Bureaucrats in the department expressed concern about Australia’s food monitoring as early as 2014, the documents, obtained under freedom of information laws, show.

A $25m five-year pilot program for a national produce monitoring system was set up in 2013, but scrapped when the Coalition came to power and Barnaby Joyce became minister. The results have never been released.

Testing of food sold in Australia is largely left to the fresh food markets under a self-regulatory system. In general, growers are required to submit samples once a year. There is no routine screening by state or federal health authorities or by Food Standards Australia New Zealand.

Some food for export, notably meat, is tested as part of the National Residue Survey (NRS), but the documents obtained by Guardian Australia reveal the department has identified shortcomings in this system as well.

Earlier this year the department engaged a consultant to establish where it lacked data.

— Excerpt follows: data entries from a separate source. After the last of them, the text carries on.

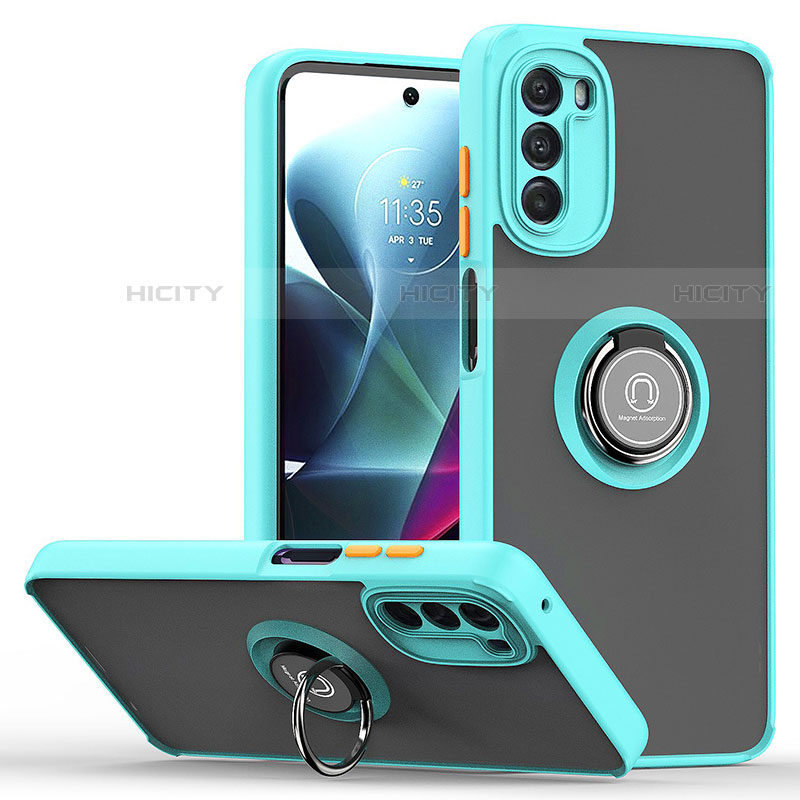 Silikon Hülle Handyhülle und Kunststoff Schutzhülle Hartschalen Tasche mit Magnetisch Fingerring Ständer S04 für Motorola Moto G 5G (2022) Cyan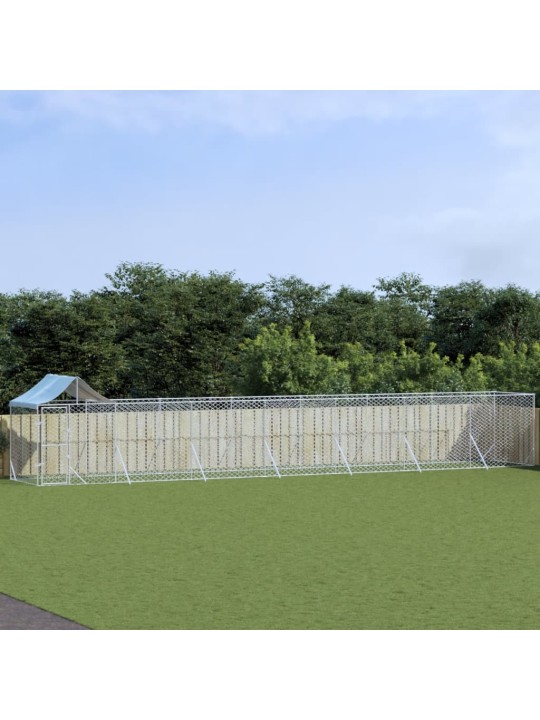 Venkovní psí kotec se střechou stříbrný 14 x 2 x 2,5 m ocel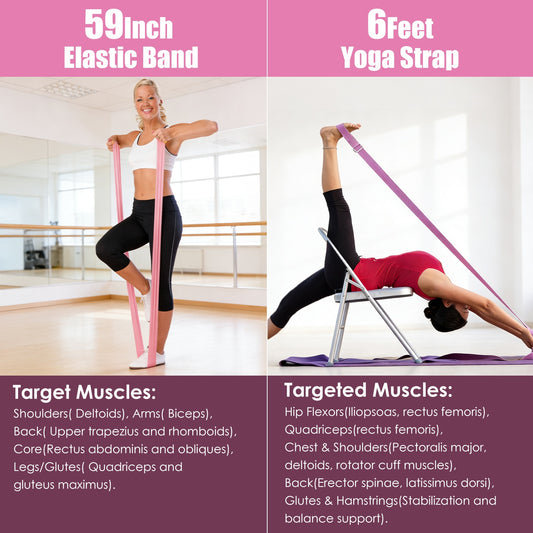 14Pcs Per Set Pilates Ring Kit For Women Exercising With Yoga Ball Arm Stretcher 5 Resistant Bands 8 Resistant Band Elastic Band Non-slip Socks Yoga Strap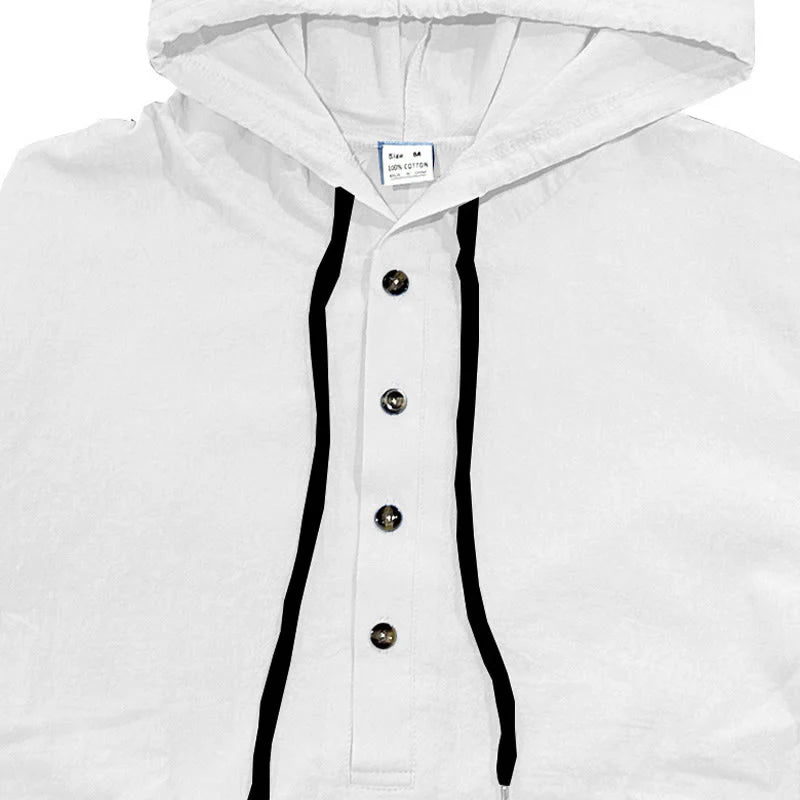 Buddha Stones Solid Color Fall Half Buttons Men's Hooded Long Sleeve Cotton Shirt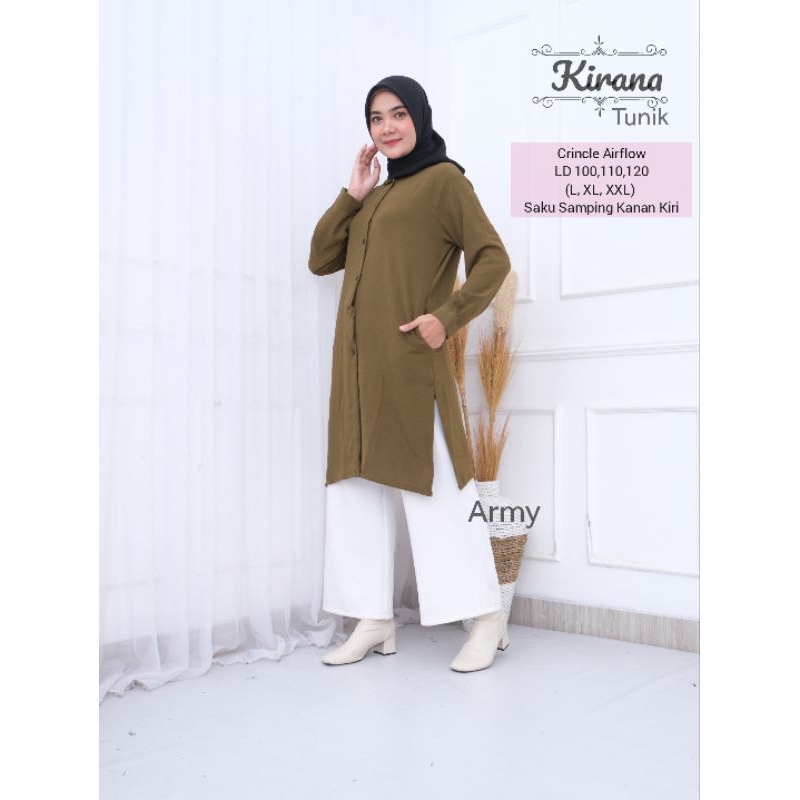 PROMO KIRANA TUNIK/LONG TUNIK CRINCLE AIRFLOW LD 100,110,120 (L, XL, XXL)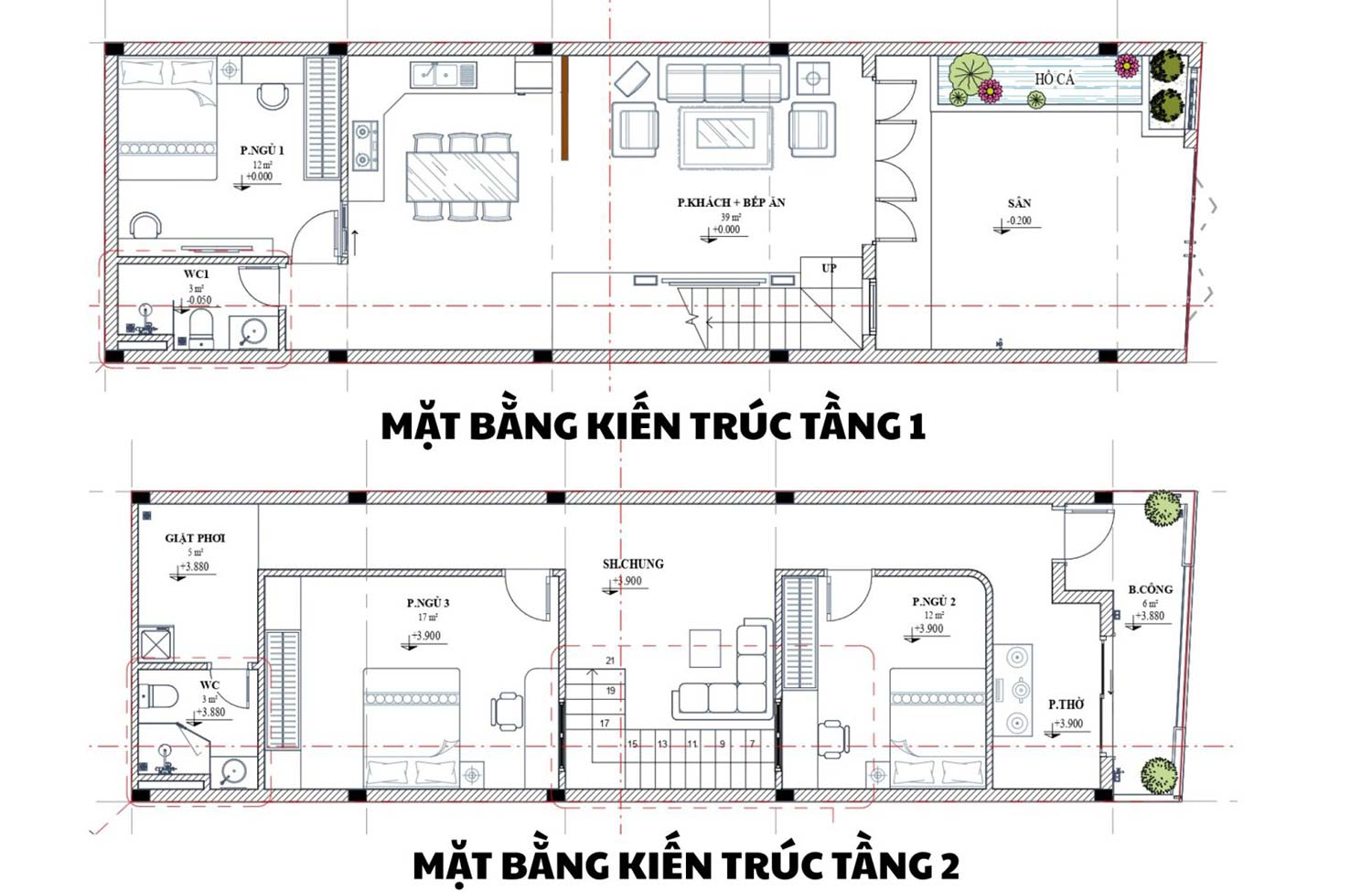 Nhà 2 tầng 5x16m mái Nhật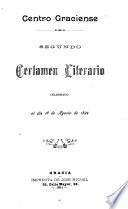 Segundo certamen literario celebrado el dia 18 de Agosto de 1894
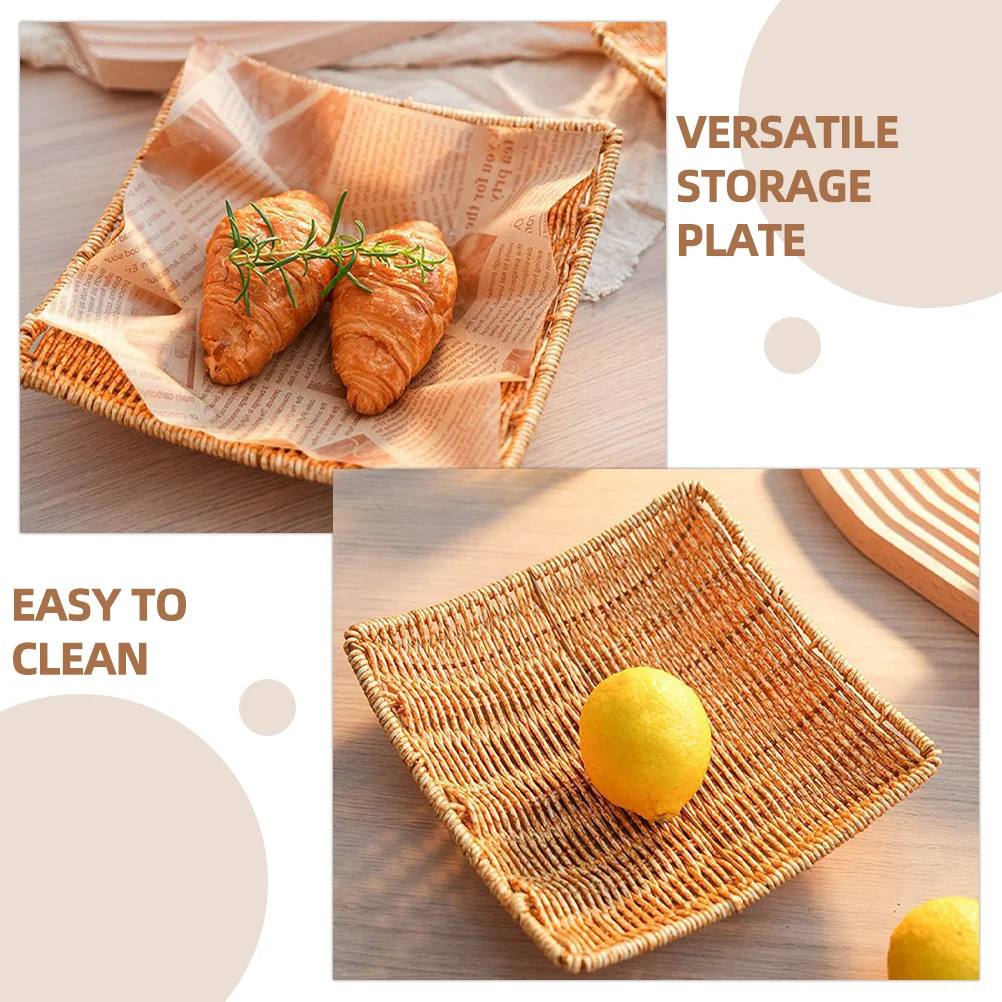 

Snack Storage Basket Imitation Rattan Woven Tray For Fruits Bread Serving Home Kitchen Decorative Organizer
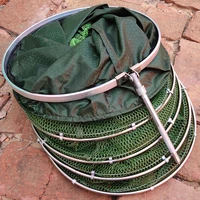 portable folding fishing net fish shrimp crab mesh spring cage basket quick drying outdoor fishing net trap fishing tackle tools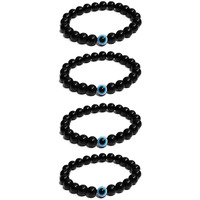 ARTIFICIAL TREE Handmade Nazariya Evil Eye Charms Stone Bracelet Stretchable Adjustable| Nazar Battu | for Women, Men, Girls & Boys 2 Piece(AT GIRLS BRCT 050)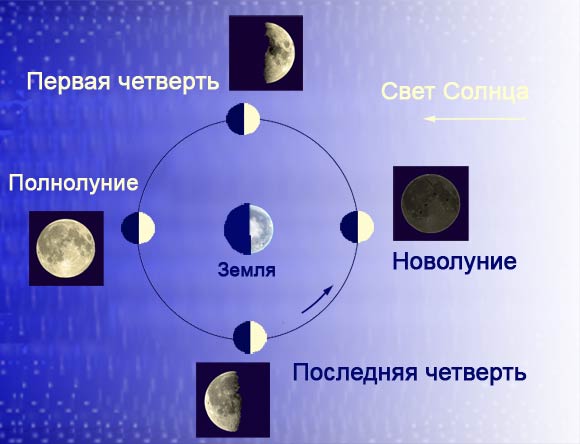 Фазы Луны. Схема смены фаз при орбитальном движении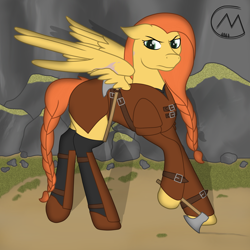 Size: 3200x3200 | Tagged: safe, artist:maître cervidé, derpibooru import, oc, oc:flame fever, pegasus, armor, axe, clothes, female, scar, solo, weapon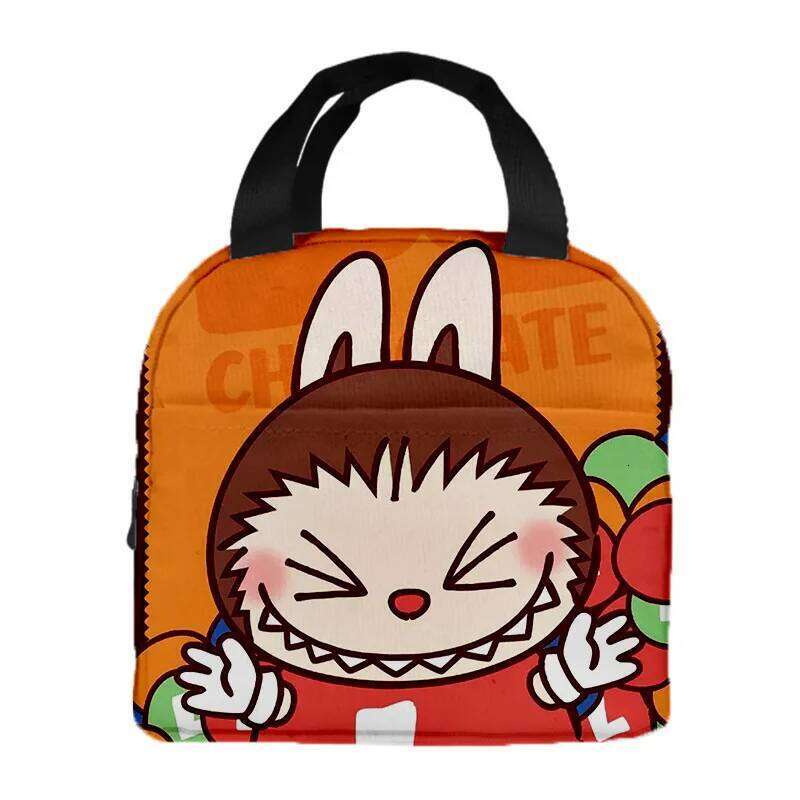 Kawaii Labubu Cartoon Tote Student Bento Aluminum Foil Insulation Lunch Box Bag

“The department has little information about the presence of agvet [agriculture and veterinary] chemicals in treated produce sold domestically within Australia,” one document from April 2022 says.

“There is little data currently available to the department regarding human health or environmental fate of agvet chemicals in Australia in ‘field’ conditions,” it says.

“The paucity of available ‘field’ data poses risks to the Australian government in both policy development and in international fora, when discussing the integrity and effectiveness of the Australian regulatory system.”

A spokesperson for the department said: “The tender should not be taken to mean that there is no monitoring, or that monitoring is lacking. However, monitoring is often undertaken by these groups independently of one another, without national collaboration or consistent reporting practices.”

The documents also spell out how the government has no real idea about the impact of agvet chemicals on the environment and that work is needed not just to pull together data from the state environment authorities, but also independently run soil and water testing.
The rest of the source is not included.